The chimes went off when Danny, who was a dedicated climber as a toddler, teetered atop a wobbly old metal high chair in the kitchen, reaching for a box of cookies.
My wife reminded me that for 10 years the clock has chimed every April, the same month my sister died and my daughter Maria was born.
Three weeks ago the chimes rattled to life on a chilly afternoon, near dusk. I was standing in a hallway with Danny when the sound interrupted our conversation. Then my daughter said, "Dad ---- a baby in a diaper just ran through our yard!"
I went outside and checked around the house and there, on our back deck, was a child we did not recognize. He was lost but he wasn't old enough to tell me where he lived.
I took him by the hand and bought him inside. My wife gave him strawberries and my kids kept him entertained. I called Middletown police.

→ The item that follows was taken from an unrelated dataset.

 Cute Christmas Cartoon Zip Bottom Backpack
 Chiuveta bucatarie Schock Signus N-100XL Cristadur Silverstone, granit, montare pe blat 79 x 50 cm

An officer arrived and as he was about to take the unknown child away, a woman came running. The boy had slipped out of her house while she wasn't looking. She was near panic, searching. Had we not spotted him, he would have wandered to the next street, and to who knows where.
"That clock again. I'll be damned," I said.
"It's weird," Danny said.
My wife said it wasn't weird at all, but my son and I quietly agreed that it was.